━━━━━ INFORMATION SHOWN

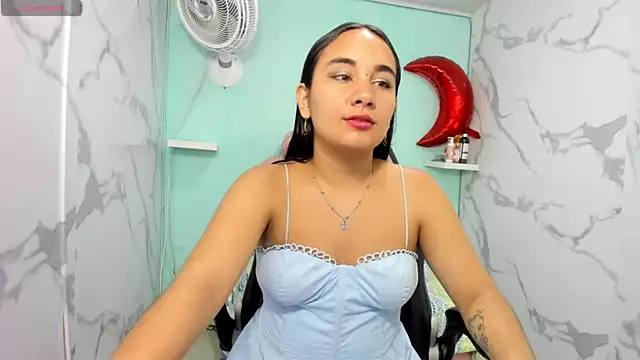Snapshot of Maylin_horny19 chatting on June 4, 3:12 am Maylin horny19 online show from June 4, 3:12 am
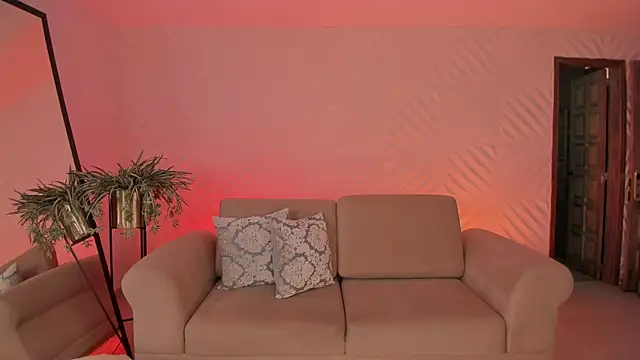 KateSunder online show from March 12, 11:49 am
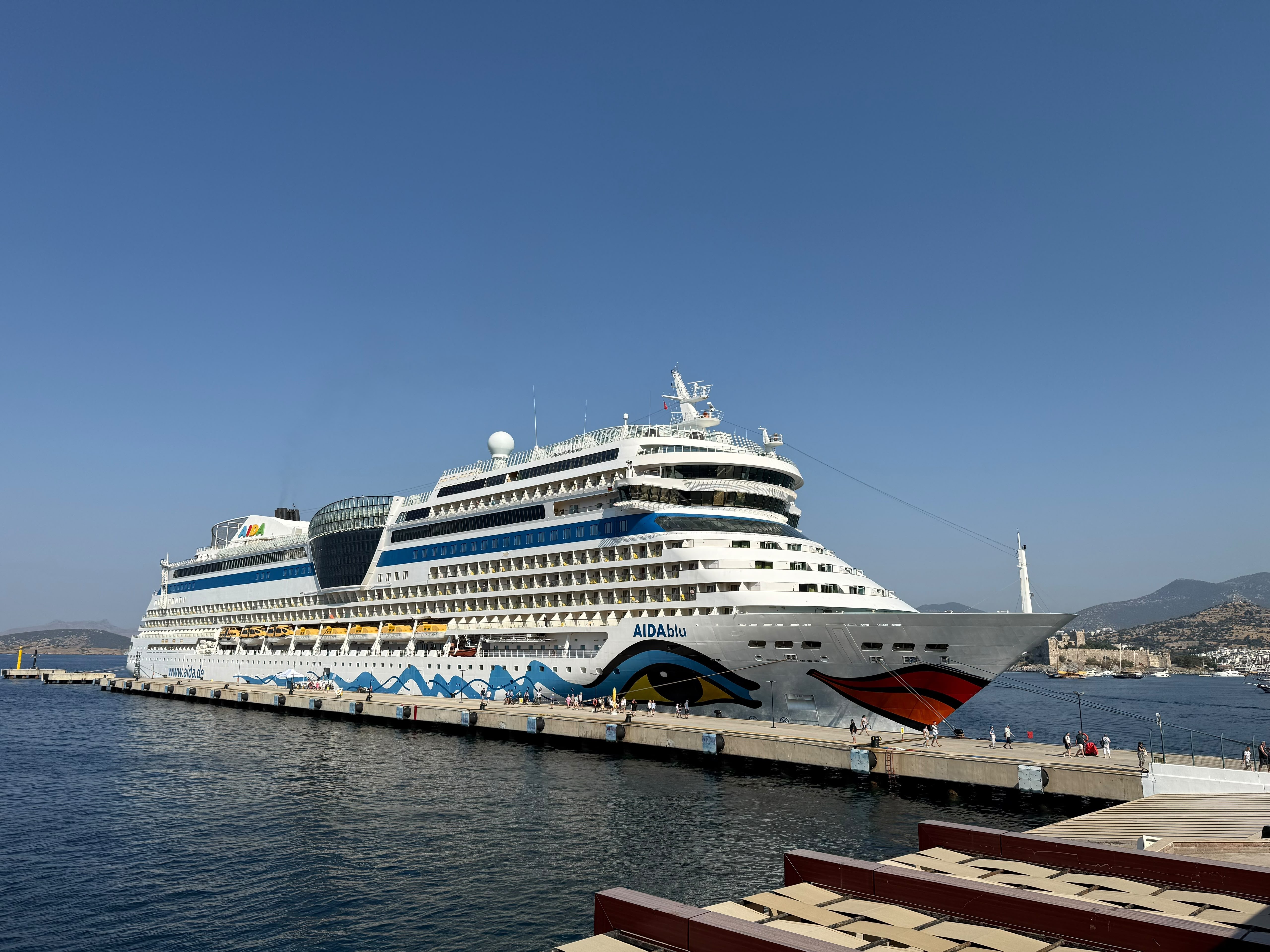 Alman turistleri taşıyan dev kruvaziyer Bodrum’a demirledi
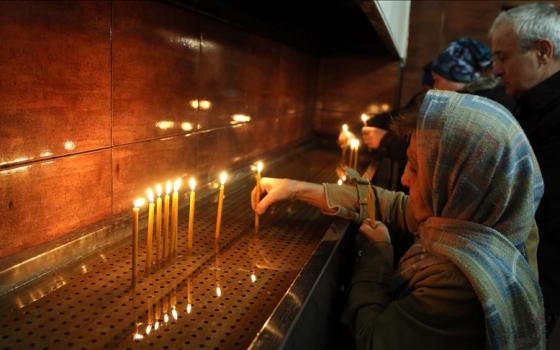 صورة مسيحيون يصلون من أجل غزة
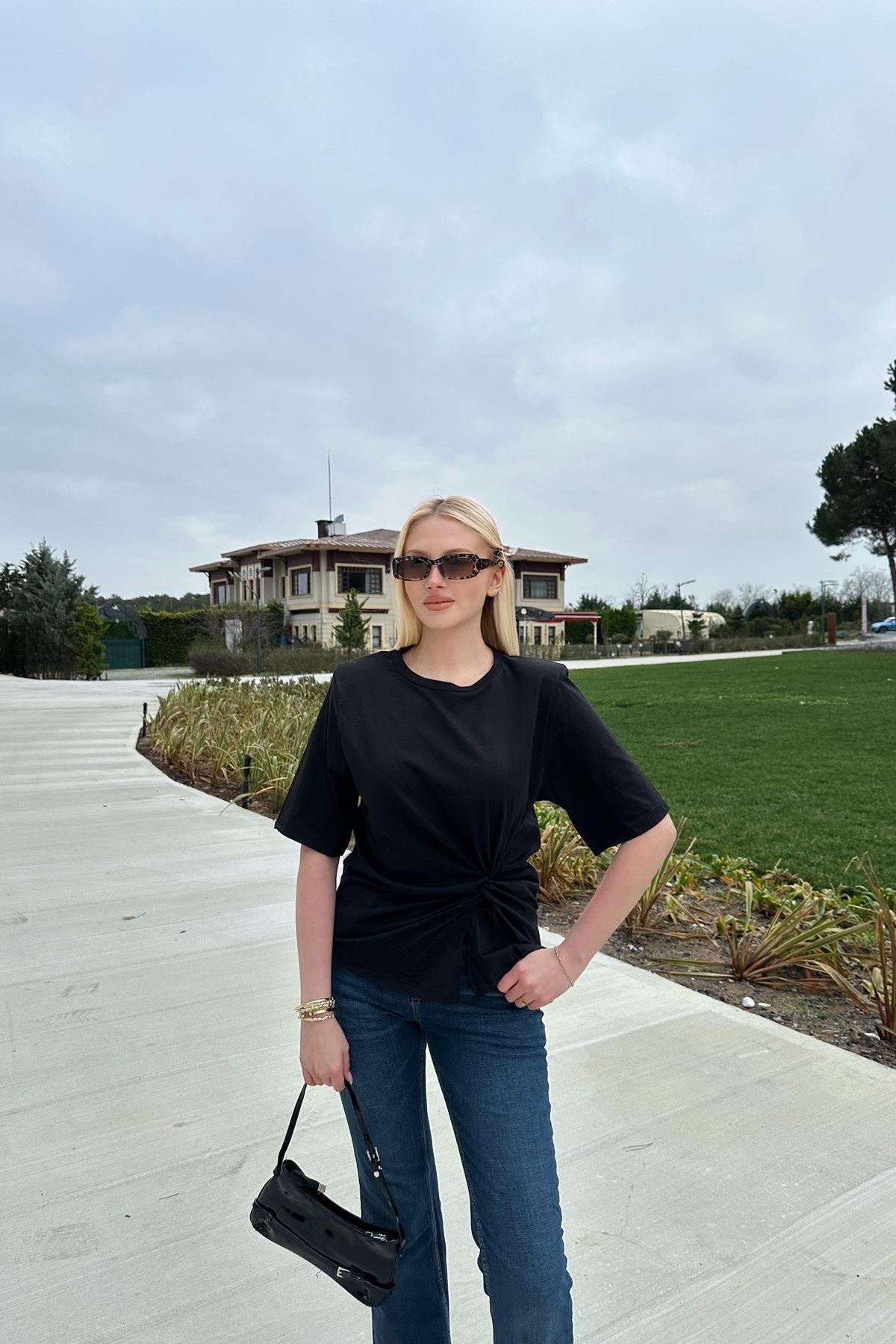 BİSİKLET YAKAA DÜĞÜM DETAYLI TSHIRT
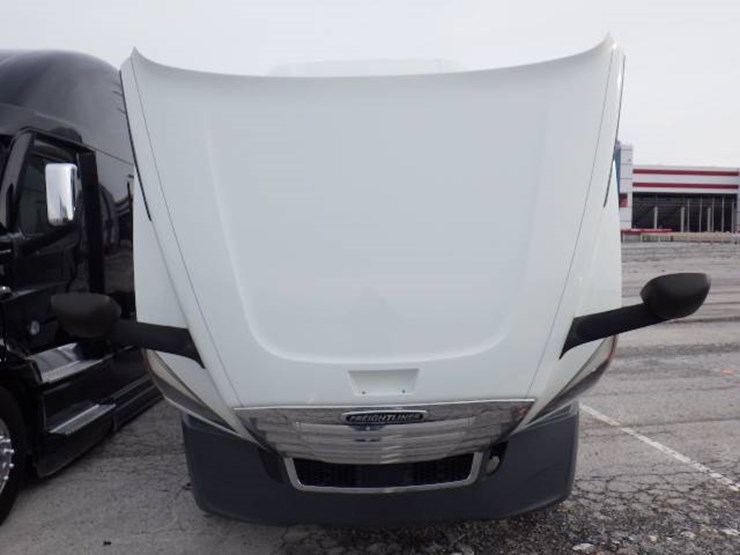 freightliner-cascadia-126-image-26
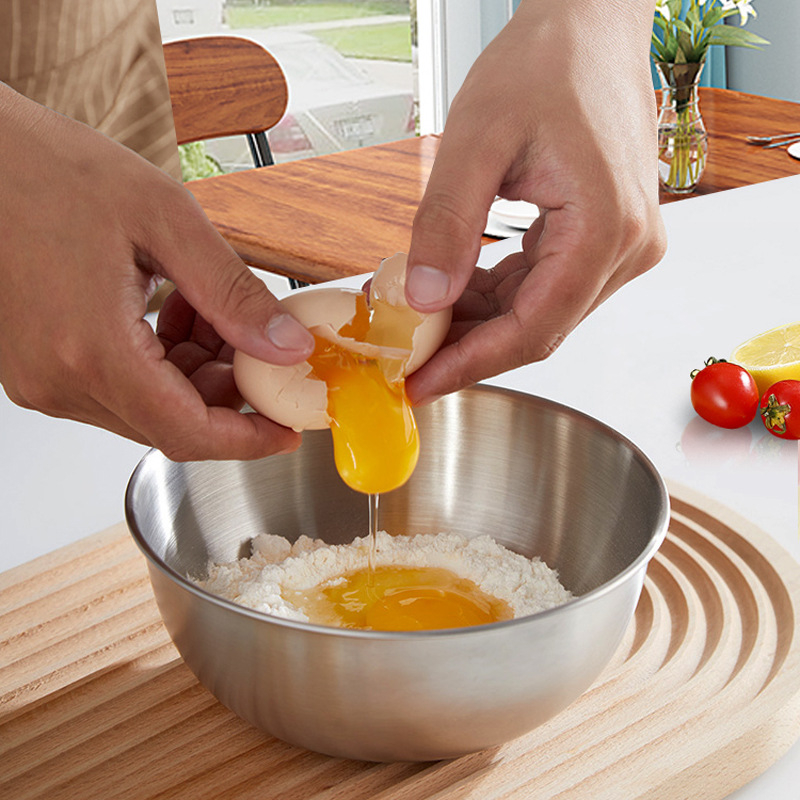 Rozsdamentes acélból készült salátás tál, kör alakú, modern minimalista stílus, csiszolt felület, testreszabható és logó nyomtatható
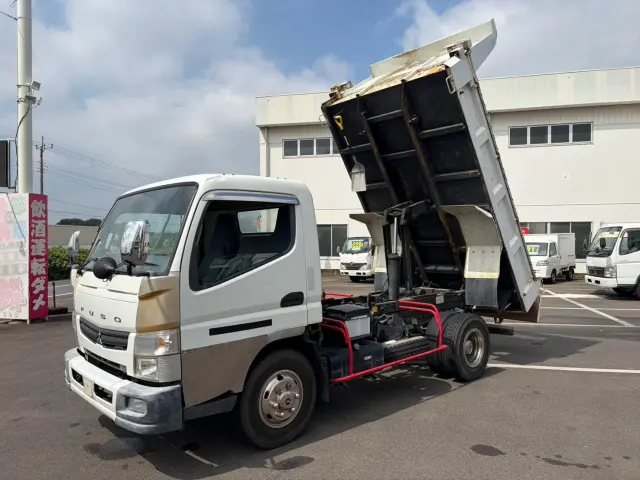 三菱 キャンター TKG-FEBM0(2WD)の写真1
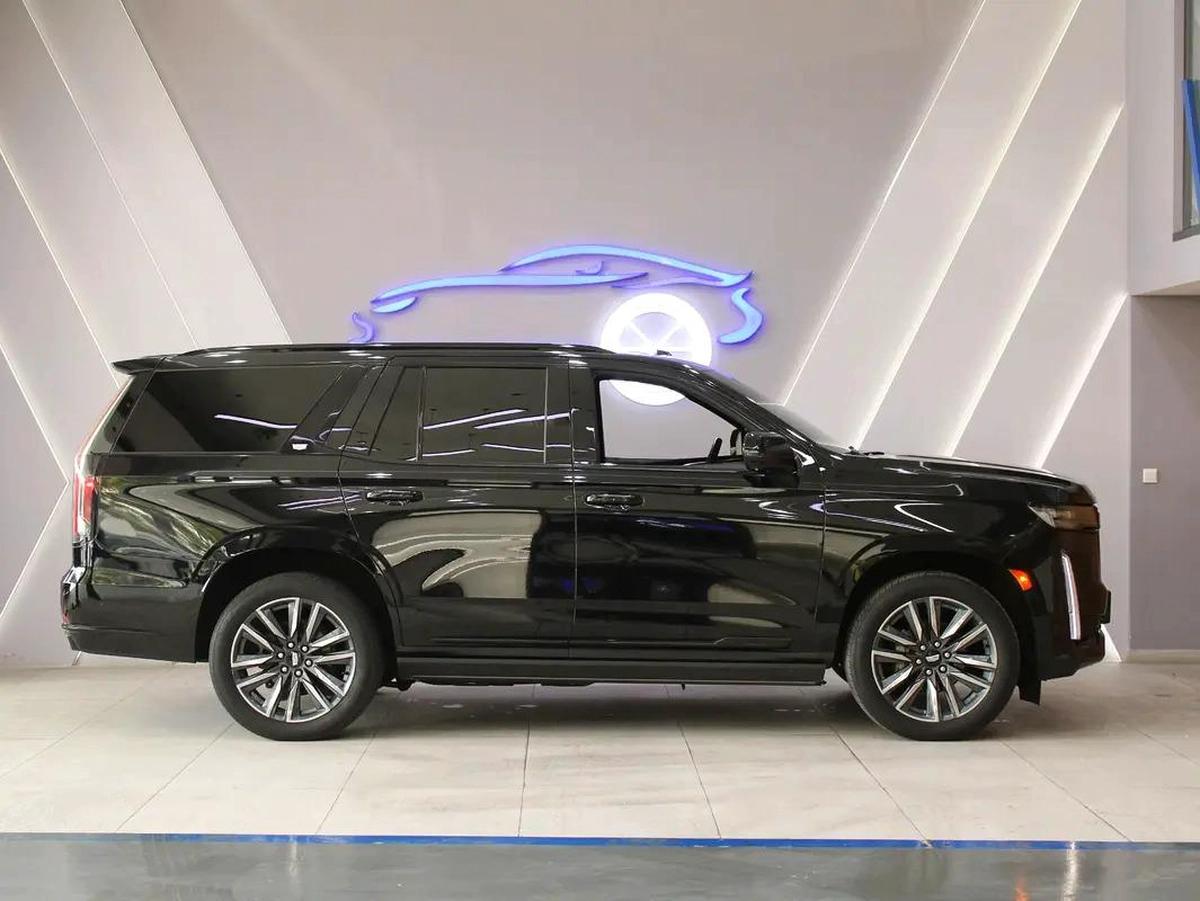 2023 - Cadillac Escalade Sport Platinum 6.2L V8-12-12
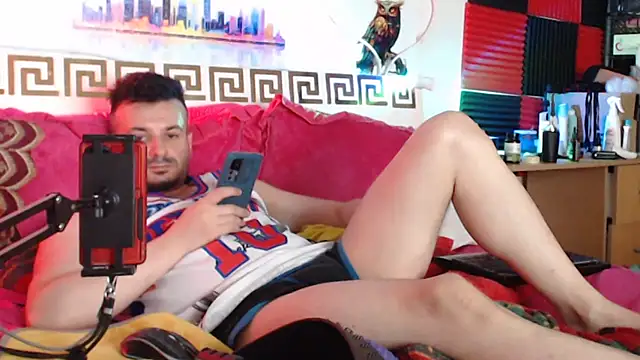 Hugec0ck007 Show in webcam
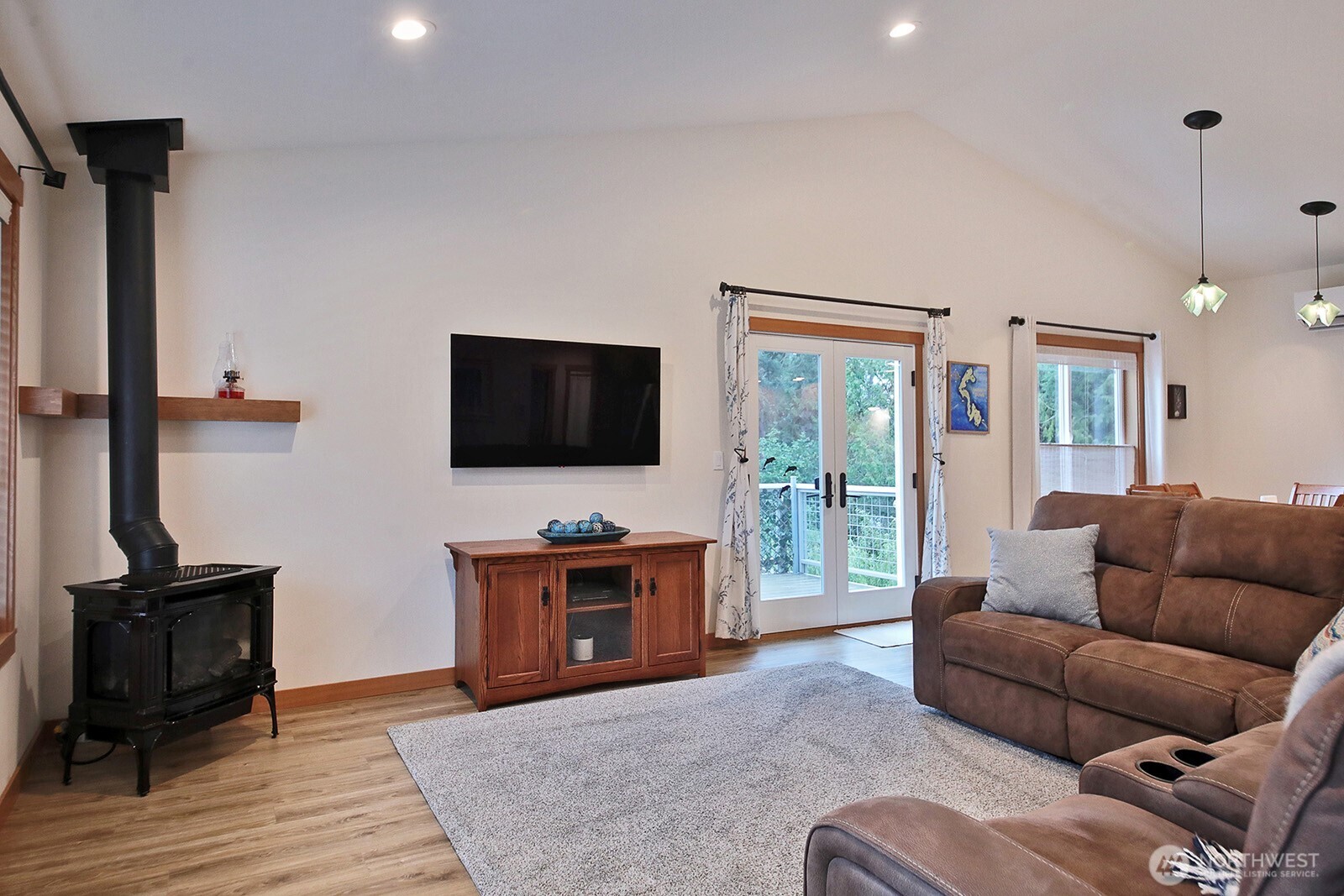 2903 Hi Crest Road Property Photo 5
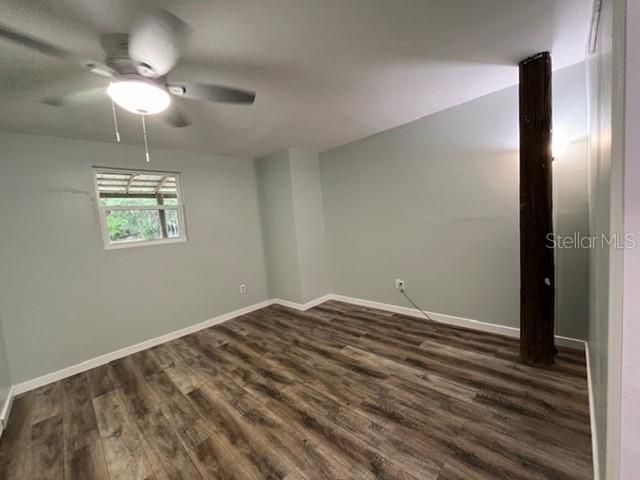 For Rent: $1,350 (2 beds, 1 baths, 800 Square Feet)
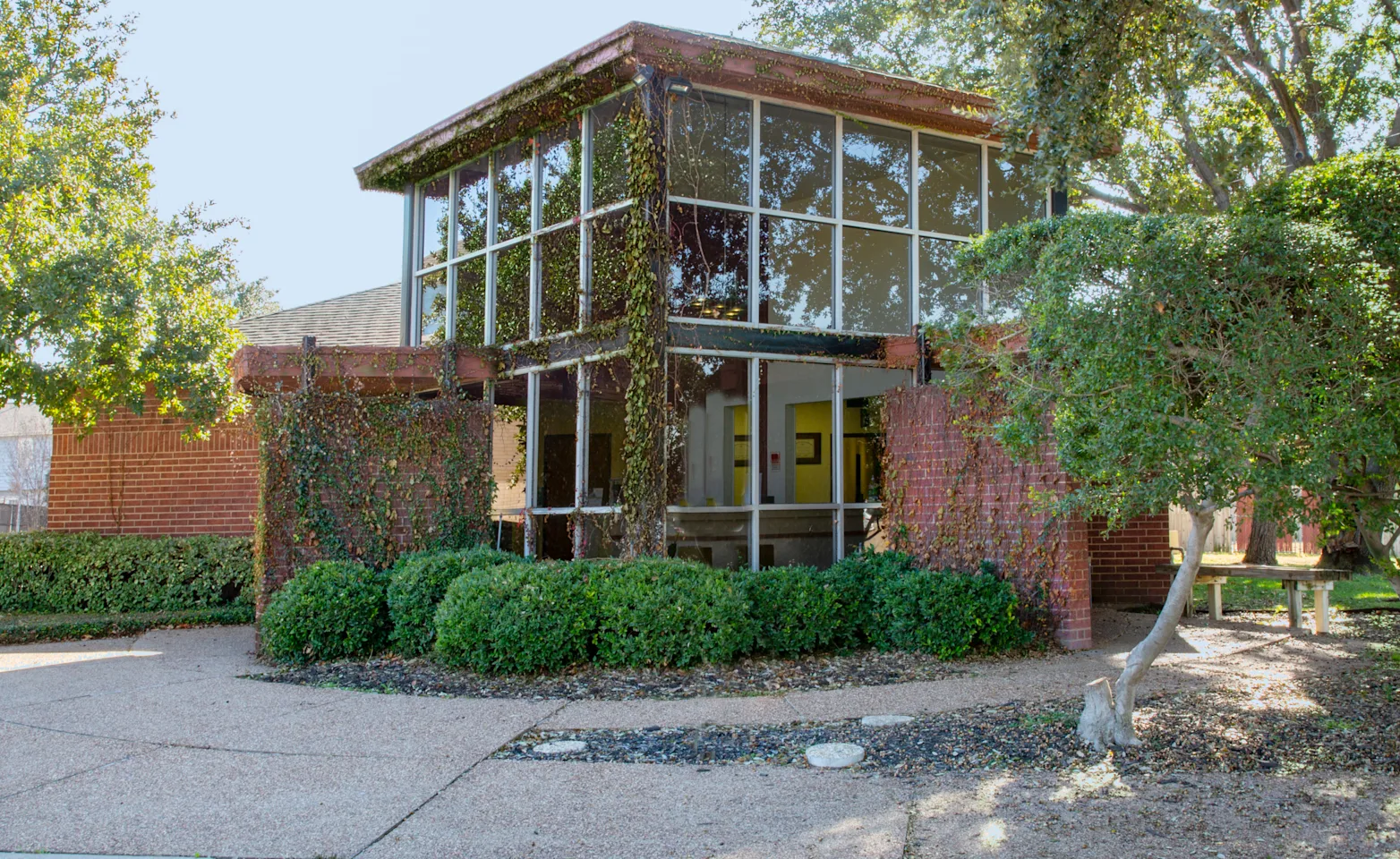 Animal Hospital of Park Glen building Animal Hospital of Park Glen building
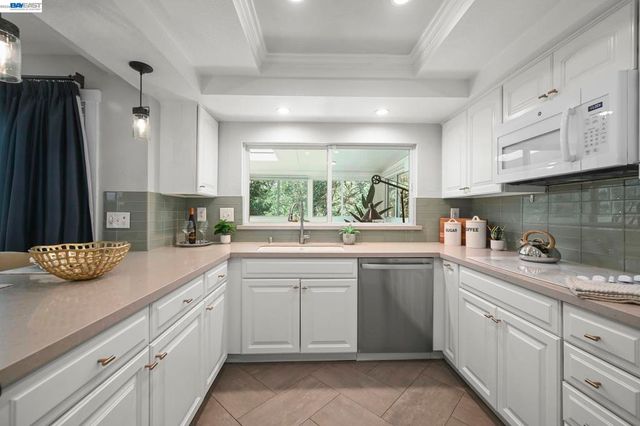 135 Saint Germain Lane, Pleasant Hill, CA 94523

━━━━━━━━━━

### WORK ORDER
Print each entry exactly, leaving pictures out.

### RESPONSE AREA
Snapshot of Maylin_horny19 chatting on June 4, 3:12 am Maylin horny19 online show from June 4, 3:12 am
 KateSunder online show from March 12, 11:49 am
 Alman turistleri taşıyan dev kruvaziyer Bodrum’a demirledi
 صورة مسيحيون يصلون من أجل غزة
 BİSİKLET YAKAA DÜĞÜM DETAYLI TSHIRT
 freightliner-cascadia-126-image-26
 Rozsdamentes acélból készült salátás tál, kör alakú, modern minimalista stílus, csiszolt felület, testreszabható és logó nyomtatható
 三菱 キャンター TKG-FEBM0(2WD)の写真1
 2023 - Cadillac Escalade Sport Platinum 6.2L V8-12-12
 Hugec0ck007 Show in webcam
 2903 Hi Crest Road Property Photo 5
 For Rent: $1,350 (2 beds, 1 baths, 800 Square Feet)
 Animal Hospital of Park Glen building Animal Hospital of Park Glen building
 135 Saint Germain Lane, Pleasant Hill, CA 94523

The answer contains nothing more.